Supplied information:

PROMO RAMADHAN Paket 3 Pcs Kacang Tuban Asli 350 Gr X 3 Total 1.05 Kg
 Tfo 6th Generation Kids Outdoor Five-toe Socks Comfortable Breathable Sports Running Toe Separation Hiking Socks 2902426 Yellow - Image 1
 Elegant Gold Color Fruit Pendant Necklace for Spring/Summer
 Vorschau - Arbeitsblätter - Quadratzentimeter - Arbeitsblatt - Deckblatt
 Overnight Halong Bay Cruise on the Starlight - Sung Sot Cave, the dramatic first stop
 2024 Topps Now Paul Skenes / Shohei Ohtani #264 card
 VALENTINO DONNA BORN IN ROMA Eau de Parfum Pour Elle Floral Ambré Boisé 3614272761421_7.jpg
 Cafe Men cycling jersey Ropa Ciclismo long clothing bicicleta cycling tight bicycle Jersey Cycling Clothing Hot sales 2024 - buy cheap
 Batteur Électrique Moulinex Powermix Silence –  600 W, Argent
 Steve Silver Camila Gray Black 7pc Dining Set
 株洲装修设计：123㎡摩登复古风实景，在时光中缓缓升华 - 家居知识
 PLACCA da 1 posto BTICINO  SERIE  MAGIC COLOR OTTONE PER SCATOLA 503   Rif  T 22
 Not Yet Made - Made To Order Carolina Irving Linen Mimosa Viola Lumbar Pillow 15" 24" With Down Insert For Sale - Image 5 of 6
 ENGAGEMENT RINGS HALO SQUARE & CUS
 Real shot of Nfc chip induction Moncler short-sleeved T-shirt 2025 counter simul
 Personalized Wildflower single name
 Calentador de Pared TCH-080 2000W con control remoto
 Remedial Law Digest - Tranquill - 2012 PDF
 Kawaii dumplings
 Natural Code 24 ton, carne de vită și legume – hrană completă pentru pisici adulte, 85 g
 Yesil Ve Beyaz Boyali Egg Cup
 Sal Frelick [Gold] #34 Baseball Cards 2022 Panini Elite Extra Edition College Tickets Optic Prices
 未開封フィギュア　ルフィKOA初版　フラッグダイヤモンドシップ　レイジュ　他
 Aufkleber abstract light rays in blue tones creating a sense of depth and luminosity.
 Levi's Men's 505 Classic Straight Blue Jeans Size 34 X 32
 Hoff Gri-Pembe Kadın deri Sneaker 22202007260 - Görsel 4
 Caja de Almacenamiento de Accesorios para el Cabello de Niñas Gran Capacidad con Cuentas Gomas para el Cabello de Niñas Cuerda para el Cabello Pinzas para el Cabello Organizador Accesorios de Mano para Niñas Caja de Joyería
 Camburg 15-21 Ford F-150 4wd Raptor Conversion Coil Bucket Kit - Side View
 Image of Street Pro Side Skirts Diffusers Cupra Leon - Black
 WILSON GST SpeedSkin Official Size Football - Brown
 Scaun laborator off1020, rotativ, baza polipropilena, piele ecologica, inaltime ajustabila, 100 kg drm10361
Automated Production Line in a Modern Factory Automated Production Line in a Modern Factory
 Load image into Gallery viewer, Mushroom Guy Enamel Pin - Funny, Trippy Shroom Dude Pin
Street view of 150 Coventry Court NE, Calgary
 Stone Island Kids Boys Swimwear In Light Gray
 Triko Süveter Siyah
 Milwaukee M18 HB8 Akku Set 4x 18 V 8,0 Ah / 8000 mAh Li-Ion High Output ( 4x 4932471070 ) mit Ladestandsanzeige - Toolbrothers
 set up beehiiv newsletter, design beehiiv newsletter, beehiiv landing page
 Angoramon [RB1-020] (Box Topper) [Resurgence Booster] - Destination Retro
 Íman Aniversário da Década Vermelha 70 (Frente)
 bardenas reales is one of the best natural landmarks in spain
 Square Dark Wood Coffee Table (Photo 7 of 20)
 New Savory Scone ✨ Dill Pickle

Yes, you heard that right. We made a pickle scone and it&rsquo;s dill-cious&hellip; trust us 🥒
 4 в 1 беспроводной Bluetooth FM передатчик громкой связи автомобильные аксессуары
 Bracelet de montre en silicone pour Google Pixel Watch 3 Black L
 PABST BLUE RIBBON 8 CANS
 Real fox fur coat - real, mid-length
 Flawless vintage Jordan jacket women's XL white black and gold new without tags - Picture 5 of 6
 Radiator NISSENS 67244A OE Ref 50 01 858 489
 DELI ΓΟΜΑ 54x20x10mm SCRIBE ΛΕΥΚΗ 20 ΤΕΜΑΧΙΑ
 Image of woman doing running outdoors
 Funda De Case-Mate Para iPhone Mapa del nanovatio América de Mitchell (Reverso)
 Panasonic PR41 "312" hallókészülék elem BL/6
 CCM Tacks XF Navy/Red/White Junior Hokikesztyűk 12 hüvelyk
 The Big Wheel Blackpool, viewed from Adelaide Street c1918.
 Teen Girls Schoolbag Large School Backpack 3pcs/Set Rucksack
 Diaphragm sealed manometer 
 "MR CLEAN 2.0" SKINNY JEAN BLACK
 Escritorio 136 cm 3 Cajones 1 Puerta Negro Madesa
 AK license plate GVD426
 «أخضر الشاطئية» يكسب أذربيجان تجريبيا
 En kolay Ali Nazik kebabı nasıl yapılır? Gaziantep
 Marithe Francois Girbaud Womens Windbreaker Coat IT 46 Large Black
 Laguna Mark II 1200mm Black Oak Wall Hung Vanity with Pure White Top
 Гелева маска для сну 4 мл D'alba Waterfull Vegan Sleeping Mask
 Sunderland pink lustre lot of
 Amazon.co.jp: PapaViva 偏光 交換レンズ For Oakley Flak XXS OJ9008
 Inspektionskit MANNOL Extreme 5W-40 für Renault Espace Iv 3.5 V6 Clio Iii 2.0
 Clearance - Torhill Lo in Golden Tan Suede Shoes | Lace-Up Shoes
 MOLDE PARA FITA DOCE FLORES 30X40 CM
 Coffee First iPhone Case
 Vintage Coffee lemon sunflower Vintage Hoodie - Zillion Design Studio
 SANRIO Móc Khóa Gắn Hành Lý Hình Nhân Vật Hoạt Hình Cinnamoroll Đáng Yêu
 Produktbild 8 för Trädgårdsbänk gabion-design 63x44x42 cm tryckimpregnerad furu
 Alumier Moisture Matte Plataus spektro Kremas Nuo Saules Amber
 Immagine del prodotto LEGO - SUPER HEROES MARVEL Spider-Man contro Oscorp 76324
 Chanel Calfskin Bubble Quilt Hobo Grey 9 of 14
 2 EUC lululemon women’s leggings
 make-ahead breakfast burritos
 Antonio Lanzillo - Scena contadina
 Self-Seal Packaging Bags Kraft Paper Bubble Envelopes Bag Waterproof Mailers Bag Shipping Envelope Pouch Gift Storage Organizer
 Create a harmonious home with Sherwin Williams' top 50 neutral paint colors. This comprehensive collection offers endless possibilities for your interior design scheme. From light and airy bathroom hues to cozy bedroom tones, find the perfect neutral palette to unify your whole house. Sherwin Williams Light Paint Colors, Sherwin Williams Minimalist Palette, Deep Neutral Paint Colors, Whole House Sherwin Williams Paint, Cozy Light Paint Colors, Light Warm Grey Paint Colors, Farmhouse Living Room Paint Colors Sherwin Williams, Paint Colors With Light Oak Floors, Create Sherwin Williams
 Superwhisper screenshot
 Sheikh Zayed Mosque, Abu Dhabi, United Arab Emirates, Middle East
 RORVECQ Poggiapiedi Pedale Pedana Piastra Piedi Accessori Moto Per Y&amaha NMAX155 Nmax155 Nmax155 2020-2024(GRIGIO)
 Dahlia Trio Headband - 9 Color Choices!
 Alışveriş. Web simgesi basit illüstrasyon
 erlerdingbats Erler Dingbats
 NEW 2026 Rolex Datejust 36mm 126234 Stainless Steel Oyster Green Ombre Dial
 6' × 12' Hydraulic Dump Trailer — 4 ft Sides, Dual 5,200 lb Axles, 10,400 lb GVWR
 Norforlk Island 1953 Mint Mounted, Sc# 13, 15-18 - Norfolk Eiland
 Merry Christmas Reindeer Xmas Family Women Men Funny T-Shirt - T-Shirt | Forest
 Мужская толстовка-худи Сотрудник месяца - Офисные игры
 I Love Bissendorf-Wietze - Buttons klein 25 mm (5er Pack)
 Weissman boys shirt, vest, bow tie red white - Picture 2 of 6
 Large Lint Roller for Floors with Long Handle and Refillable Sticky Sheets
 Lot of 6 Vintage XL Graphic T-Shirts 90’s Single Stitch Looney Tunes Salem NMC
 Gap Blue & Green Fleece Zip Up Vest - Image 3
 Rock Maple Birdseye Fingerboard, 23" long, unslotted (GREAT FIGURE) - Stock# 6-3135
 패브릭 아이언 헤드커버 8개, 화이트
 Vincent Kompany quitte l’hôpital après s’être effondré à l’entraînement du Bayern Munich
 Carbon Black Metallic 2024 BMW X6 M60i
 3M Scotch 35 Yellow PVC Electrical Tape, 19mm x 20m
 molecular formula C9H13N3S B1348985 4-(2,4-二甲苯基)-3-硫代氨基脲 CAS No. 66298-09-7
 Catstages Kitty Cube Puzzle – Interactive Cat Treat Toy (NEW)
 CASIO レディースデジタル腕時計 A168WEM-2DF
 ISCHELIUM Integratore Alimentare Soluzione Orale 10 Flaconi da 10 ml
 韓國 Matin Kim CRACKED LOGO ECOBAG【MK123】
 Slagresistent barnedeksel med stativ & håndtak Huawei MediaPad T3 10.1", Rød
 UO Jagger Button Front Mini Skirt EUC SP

Goal of the exercise:
Above are the entries. Output exactly the lines beginning with the line that has "Produktbild 8 för" and ending with the line that has "Large Lint Roller".

Exercise response:
 Produktbild 8 för Trädgårdsbänk gabion-design 63x44x42 cm tryckimpregnerad furu
 Alumier Moisture Matte Plataus spektro Kremas Nuo Saules Amber
 Immagine del prodotto LEGO - SUPER HEROES MARVEL Spider-Man contro Oscorp 76324
 Chanel Calfskin Bubble Quilt Hobo Grey 9 of 14
 2 EUC lululemon women’s leggings
 make-ahead breakfast burritos
 Antonio Lanzillo - Scena contadina
 Self-Seal Packaging Bags Kraft Paper Bubble Envelopes Bag Waterproof Mailers Bag Shipping Envelope Pouch Gift Storage Organizer
 Create a harmonious home with Sherwin Williams' top 50 neutral paint colors. This comprehensive collection offers endless possibilities for your interior design scheme. From light and airy bathroom hues to cozy bedroom tones, find the perfect neutral palette to unify your whole house. Sherwin Williams Light Paint Colors, Sherwin Williams Minimalist Palette, Deep Neutral Paint Colors, Whole House Sherwin Williams Paint, Cozy Light Paint Colors, Light Warm Grey Paint Colors, Farmhouse Living Room Paint Colors Sherwin Williams, Paint Colors With Light Oak Floors, Create Sherwin Williams
 Superwhisper screenshot
 Sheikh Zayed Mosque, Abu Dhabi, United Arab Emirates, Middle East
 RORVECQ Poggiapiedi Pedale Pedana Piastra Piedi Accessori Moto Per Y&amaha NMAX155 Nmax155 Nmax155 2020-2024(GRIGIO)
 Dahlia Trio Headband - 9 Color Choices!
 Alışveriş. Web simgesi basit illüstrasyon
 erlerdingbats Erler Dingbats
 NEW 2026 Rolex Datejust 36mm 126234 Stainless Steel Oyster Green Ombre Dial
 6' × 12' Hydraulic Dump Trailer — 4 ft Sides, Dual 5,200 lb Axles, 10,400 lb GVWR
 Norforlk Island 1953 Mint Mounted, Sc# 13, 15-18 - Norfolk Eiland
 Merry Christmas Reindeer Xmas Family Women Men Funny T-Shirt - T-Shirt | Forest
 Мужская толстовка-худи Сотрудник месяца - Офисные игры
 I Love Bissendorf-Wietze - Buttons klein 25 mm (5er Pack)
 Weissman boys shirt, vest, bow tie red white - Picture 2 of 6
 Large Lint Roller for Floors with Long Handle and Refillable Sticky Sheets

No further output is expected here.